__Data shown__.
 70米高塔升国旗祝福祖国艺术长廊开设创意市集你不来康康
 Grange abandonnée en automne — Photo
---
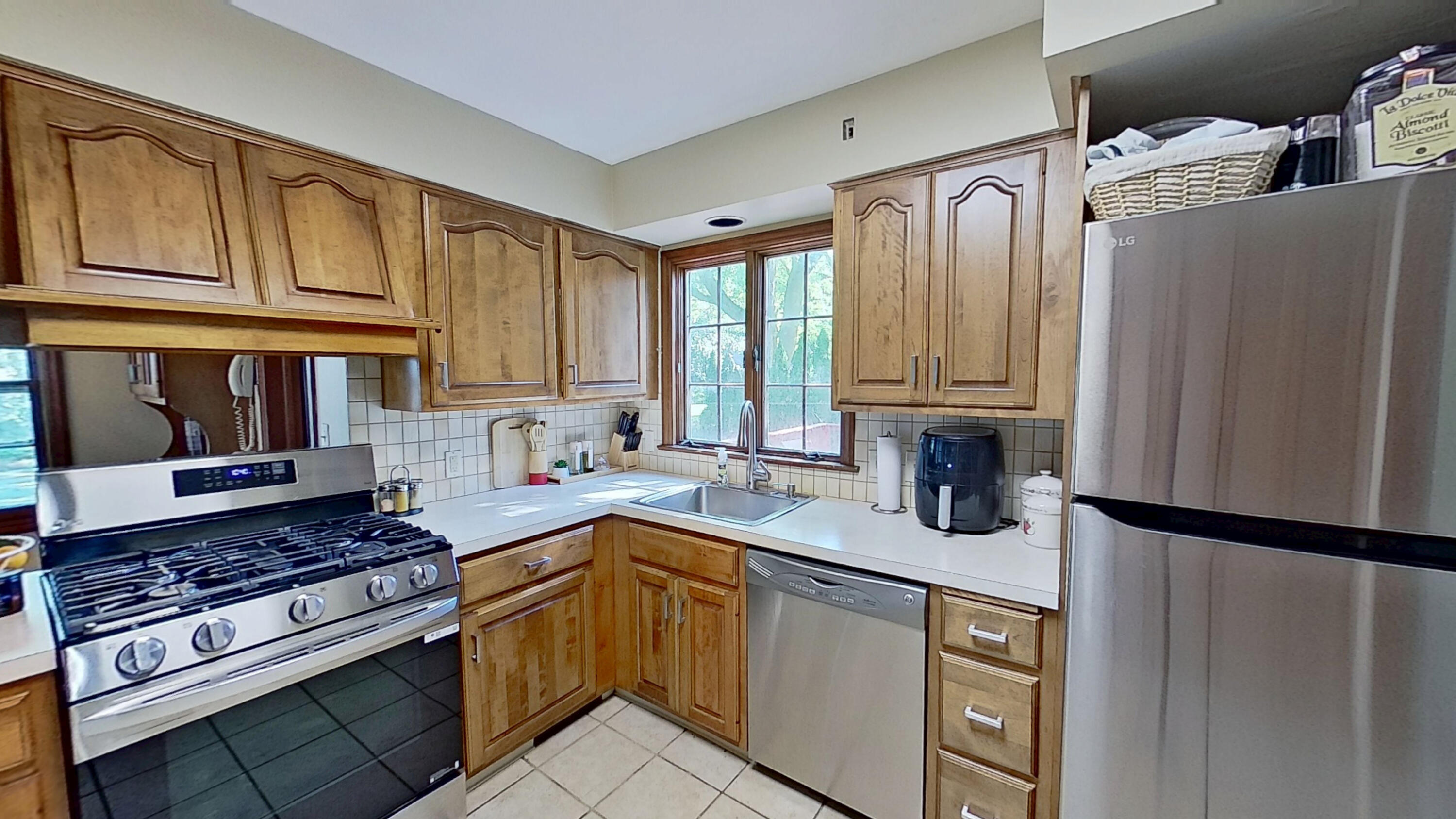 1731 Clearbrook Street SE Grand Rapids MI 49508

__Activity__.
From the data above, reproduce word for word the lines running from the line with "70米高塔升国旗祝福祖国艺术长廊开设创意市集你不来康康" to the line with "Grange abandonnée en automne — Photo", ends included.

__Output below__.
 70米高塔升国旗祝福祖国艺术长廊开设创意市集你不来康康
 Grange abandonnée en automne — Photo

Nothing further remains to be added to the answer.